Certains diront qu'il y a eu un avant et un après #MeToo. Lorsque le hashtag inonde Twitter en 2017, la place du discours féministe en ligne prend une autre ampleur. « Cela a fait tâche d'huile et ça a soulevé un problème public, ça l'a mis en lumière. C'est devenu une question qui a traversé tout le débat public et, grâce aux journalistes, les questions de dominations des femmes ont été mises en avant à travers des enquêtes de fond », analyse Josiane Jouët. Depuis, les hashtags se sont multipliés, et l'expression est rentrée dans le langage courant. « Je pense que, pour le grand public, si on veut que les idées féministes se répandant, les réseaux sociaux jouent un rôle majeur dans les prises de consciences de tous ces discours et comportements du patriarcat ordinaire qui les rabaissent », ajoute la sociologue. 

Pourtant, #MeToo n'a pas eu le succès escompté. Noémie Trovato, étudiante en Info-Com à l'IFP et spécialiste de l'analyse du discours numérique, a travaillé sur ce mouvement. Elle estime que « ça n'a quasiment rien changé » : «  il y a eu quelques lois et les mentalités sont restées à un statu quo ». 

« Ce discours autour de la libération de la parole était performatif direct, et on a dit que ça allait changer les choses. C'est en ça que je parle d'échec discursif de #MeToo. En cinq ans, on a rabâché les mêmes choses, et on a eu du mal à envisager l'après », poursuit-elle. D'autant que les affaires récentes, comme le procès en diffamation opposant Johnny Depp à Amber Heard, ont été marquées par une prolifération de désinformation et de propagande antiféministe en ligne. « Pouvoir insulter et déprécier Amber Heard, la dépeindre en sorcière maléfique, c’était limite "nécessaire" : il fallait un bouc émissaire », pointe Noémie Trovato. En cinq ans, les rhétoriques masculinistes et le backlash [ou « retour de manivelle »] antiféministe n’ont fait que grossir.

La multiplication des rhétoriques et attaques masculinistes

Toute femme ou minorité de genre qui passe un peu de temps sur les réseaux sociaux le sait : en ligne, les attaques misogynes sont nombreuses. Selon Josiane Jouët, les rhétoriques et discours sexistes sont insidieux dans l’espace public, « mais en ligne, c’est tout à fait différent ». Le backlash est bien présent, en ligne ou hors-ligne, malgré l’entrée d’un courant féministe « mainstream » dans les rangs des partis politiques ou dans les médias. 

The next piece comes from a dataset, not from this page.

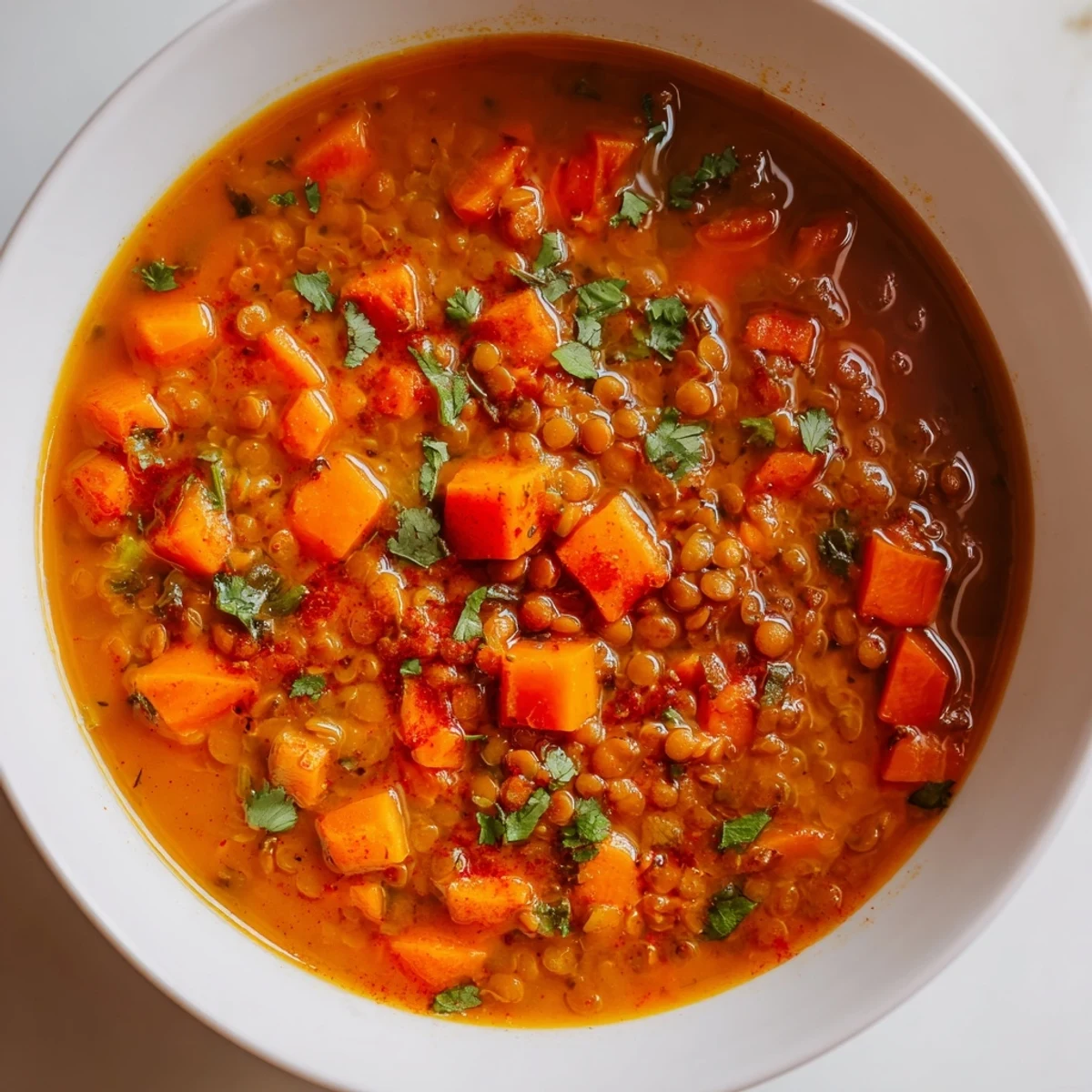 Steaming bowl of Spiced Carrot Lentil Soup, garnished with cilantro, a comforting and flavorful meal.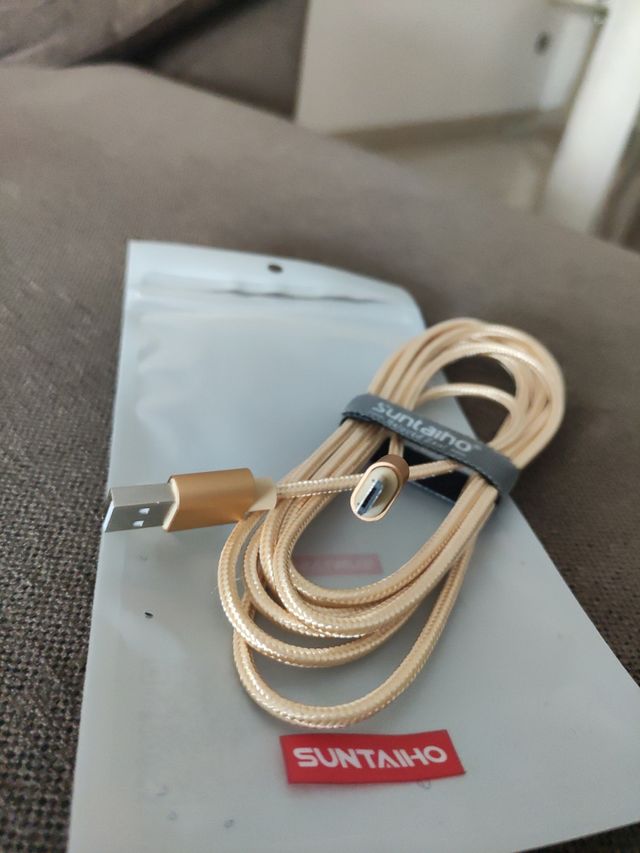 Cable micro USB dorado Suntaiho 2 metros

« La haine en ligne contre les féministes est inimaginable, quotidienne, qui vise à rabaisser et attaquer. Ces masculinistes vont envoyer des messages de haine, par vagues. Même si ce sont des courants minoritaires, ce sont des minorités actives et puissantes », estime la sociologue. 

Au-delà des violences en ligne, Noémie Trovato pointe aussi un discours plus insidieux : le post-féminisme, où l’idée selon laquelle le féminisme ne serait plus nécessaire car l’égalité serait atteinte. « Pleins de gens, y compris ceux qui se pensent féministes, disent que les féministes vont trop loin », détaille-t-elle. Pourtant, dans les faits, ne serait-ce que sur la question des violences faites aux femmes, une femme meurt tous les trois jours sous les coups de son conjoint ou ex-conjoint.

« Ces attitudes de boys club [d'entre-soi masculin] visent à défendre les privilèges des hommes, et donc ont pour objectif de museler les femmes », explique Josiane Jouët. Là encore, le procès Depp/Heard est un bon exemple de la tentative de silenciation des femmes et des victimes de violences, à travers une campagne de dénigrement organisée et massive. 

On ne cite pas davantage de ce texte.